Still, it was a great project to work on. The team consisted really of just three of us, and it was one of those rare projects where we could just do whatever we felt was best without interference. A rare project indeed. All we had to do was replace the existing, rather clumsy method of receiving listings and hopefully improve on it a bit. I was also keen to ensure that operationally, it just ran. And run it did – it rarely seemed to fall over or complain, coped perfectly with new TV stations being added to the feed, and just required the odd database flush when a channel closed down.

I was always really happy with what we produced. Bar the fact that we didn’t bother changing the dreadfully brown colour scheme.

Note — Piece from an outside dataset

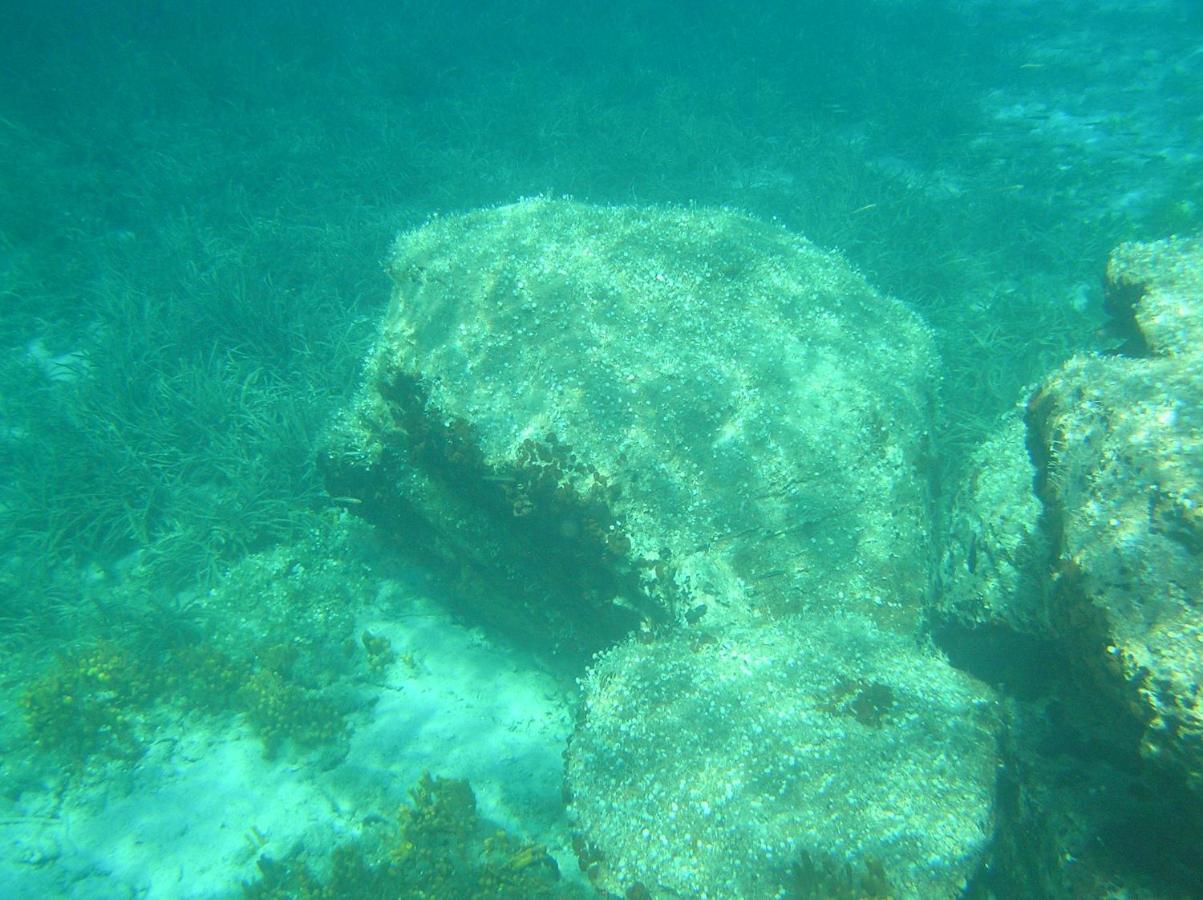 Diogenis Villa Vourvourou Dış mekan fotoğraf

Still, all good things must come to an end. But not before a toast.

To What’s On.

Cheers!

4 Comments

  • William T says:

    Who’s actually responsible for running the Freeview EPG (ie receiving and parsing the data)? Is there a small BBC team that does it under contract, or is it some other company most will never have heard of?

  • Andrew Bowden says:

    As I recall, each broadcaster is responsible for its own data in the EPG and feeds it in as part of their broadcast process. The BBC’s is handled by Red Bee Media, which was of course, formerly part of the BBC.

  • James Clark says:

    I’m already missing the red button What’s on listing. I’m not able to receive one of the multiplexes on digital so my EPG doesn’t list the channels on the missing multiplex.
    So to find out what’s on ITV and Channel 4 I always used the red button. I tried to do this to find out when the F1 Grand Prix was at the weekend and discovered the listing had gone. At least the F1 is coming to BBC next year!
    I hope the “new content” is worth the loss!

  • Andrew Bowden says:

    You’ll have to decide whether its worth it yourself! I couldn’t possibly comment.